[Opening Records provided section]

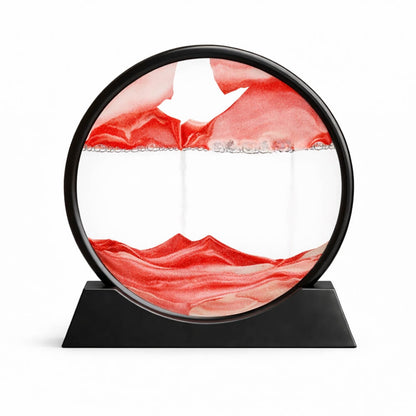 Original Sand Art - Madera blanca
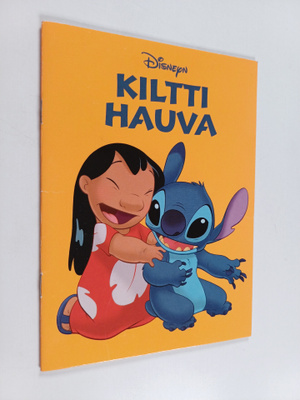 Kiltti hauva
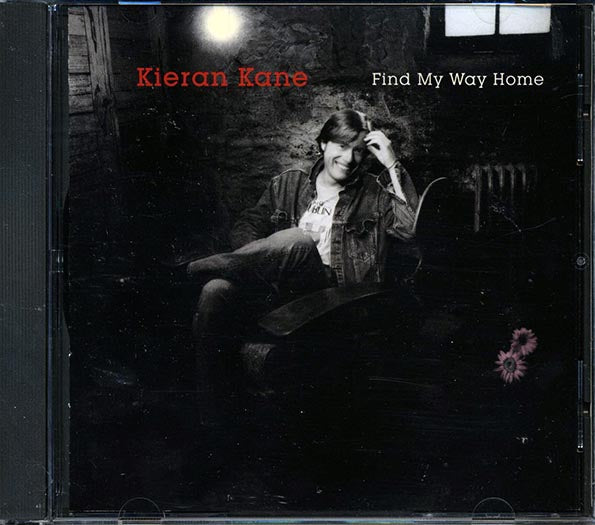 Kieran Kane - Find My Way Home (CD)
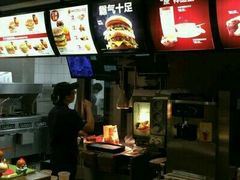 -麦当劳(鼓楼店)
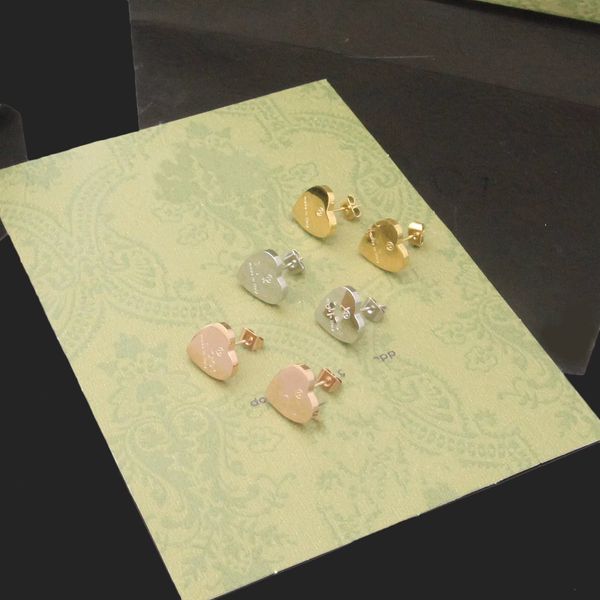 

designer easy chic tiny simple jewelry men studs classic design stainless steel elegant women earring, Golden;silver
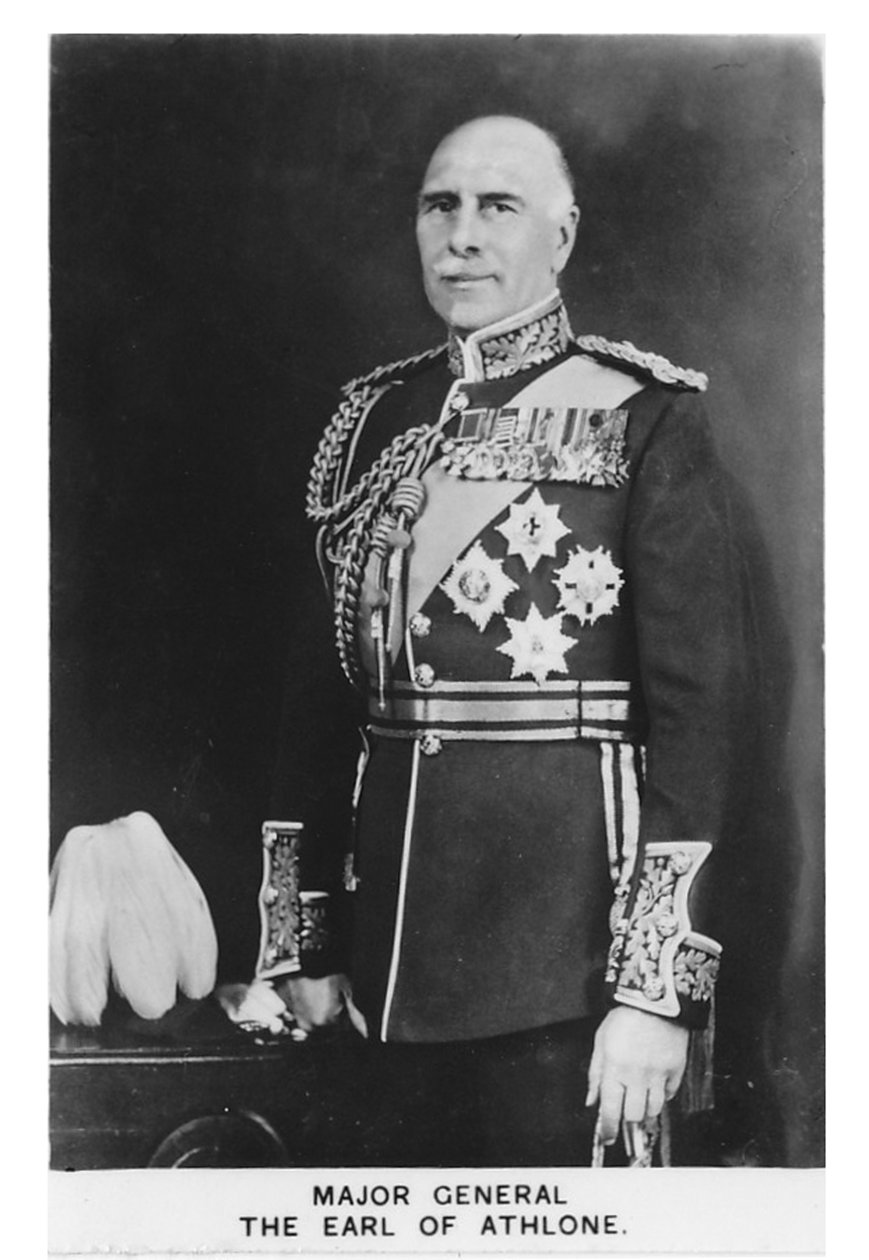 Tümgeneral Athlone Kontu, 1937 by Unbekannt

[Closing Records provided section]
[Opening Records provided section]

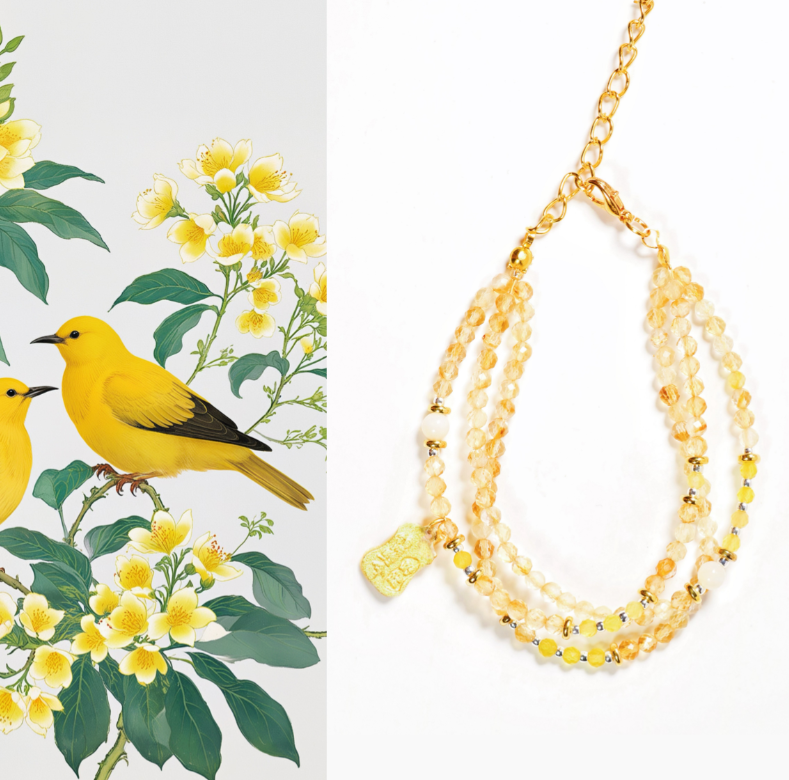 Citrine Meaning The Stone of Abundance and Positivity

[Closing Records provided section]

* Exercise description: From the material above, reproduce only what runs from the line holding "Original Sand Art - Madera blanca" down to the line holding "Tümgeneral Athlone Kontu, 1937 by Unbekannt", both included, pictures excluded.

* Task solution:
 Original Sand Art - Madera blanca
 Kiltti hauva
 Kieran Kane - Find My Way Home (CD)
 -麦当劳(鼓楼店)

designer easy chic tiny simple jewelry men studs classic design stainless steel elegant women earring, Golden;silver
 Tümgeneral Athlone Kontu, 1937 by Unbekannt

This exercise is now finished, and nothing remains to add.